566、カムイ出陣
いちいちうるさい案内人を無視するかのように騎士長は口を開いた。
「意外に臆病なんだな。踏破者らしくもない。聞きたいのなら説明しておこう。」
こいつ……迷宮内では臆病なほど慎重でないと生き残れないことぐらい知ってるくせに。いちいちムカつく野郎だ……とは思わないけどね。こんなことで私がイラついたら儲け物とか思ってるんだろうなぁ。
「別に説明してくれなくてもいいんだぞ? その場合、何でもアリだと解釈するだけだからな。こっちは礼も法も知らない冒険者なもんでな。」
「貴様ぁ! いい加減に!」
おっ、剣を抜いた。なんだ、ムラサキメタリックじゃないのか。
『金操』
はい没収。
「なっ!? き、貴様っ!? か、返さぬか!」
「もうよい。ルールは説明してやる。お前は黙っておれ。話が進まん。」
没収した剣はこのまま魔力庫に収納。追加で金操を使い鞘もゲットしておいた。やれやれ、まんまと手の内を一つ見せてしまったな。
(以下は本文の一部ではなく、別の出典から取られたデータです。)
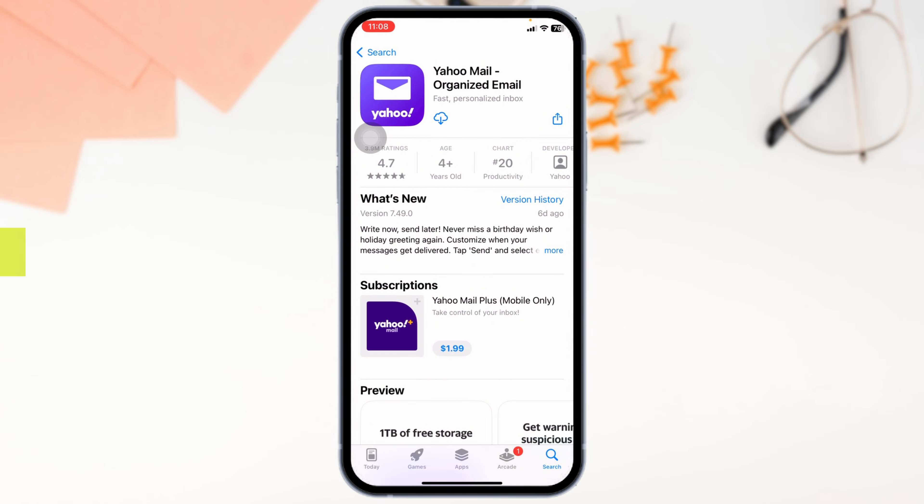If this video helped you, don't forget to like, share, and subscribe to our channel. Thanks for watching! See you next time!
「さて、この舞台は土縄と言う。本来なら身一つで力比べをする神聖な場所だ。そして周囲を囲むこの縄だが魔力を著しく減退させる効果がある。言うまでもなく迷宮の深層攻略の修練のためだ。」
へー、土俵ではなく土に縄だから土縄って言うのか。で、魔力を減退だと? 側面に怪しげな紋様がびっしり刻んであるからな。何らかの効果はあると思うさ。何も知らずに戦いの場に上がって、思うように魔法が使えず狼狽えるところをスパッと討ち取る算段でもしてたか? どの程度かは分からんが、まさか迷宮の四十階以降や私の王族用特注の首輪以上の効果ってことはあるまい。
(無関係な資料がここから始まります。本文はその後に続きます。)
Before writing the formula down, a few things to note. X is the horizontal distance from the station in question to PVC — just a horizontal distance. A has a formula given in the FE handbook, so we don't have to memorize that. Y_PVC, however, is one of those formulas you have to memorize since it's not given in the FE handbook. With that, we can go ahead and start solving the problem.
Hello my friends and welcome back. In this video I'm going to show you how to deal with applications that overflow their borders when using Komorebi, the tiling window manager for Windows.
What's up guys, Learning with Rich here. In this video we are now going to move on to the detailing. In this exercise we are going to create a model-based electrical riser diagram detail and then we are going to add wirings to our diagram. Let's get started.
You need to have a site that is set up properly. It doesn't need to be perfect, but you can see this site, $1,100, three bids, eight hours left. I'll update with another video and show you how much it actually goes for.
「本来なら素手で力比べをするものだが、今回は冒険者の流儀に合わせよう。武器も魔法も使って構わない。外に出るか頭が地に着いたら負けだ。」
素手で力比べ、身一つ……相撲かよ! ご丁寧に魔力減退の魔法陣まで施しやがって。しかもあいつらムラサキメタリックの鎧を纏っていればどうせ魔法は使えないんだから関係ないし。さすが赤兜は汚いわー。まあ魔法オッケーな上に場外負けがあるんなら私にしてみれば楽勝だが。
「分かった。特に文句はない。やはりこちらは俺から行く。」
土縄に上がってみる。ふぅん、確かに魔法が使いにくいな。だが、やはり迷宮の四十階以降ほどの効き目はない。つまり私にとっては何もないのと変わらないってことだ。
本物の土俵と違うのは徳俵がないことか。それに中央に仕切り線もない。三和土のような硬い土に直径十五センチ程度の太い縄がきっちり真円を描くように埋まっている。
「ではこちらは、ダイチョウ。いけ。」
「はっ!」
五人並んだ赤兜、その左端の男が土縄に上がってきた。当たり前だが私もこいつも靴を履いている。ちょっと違和感があるなぁ……何となく裸足にならなきゃいけない気がしちゃうね。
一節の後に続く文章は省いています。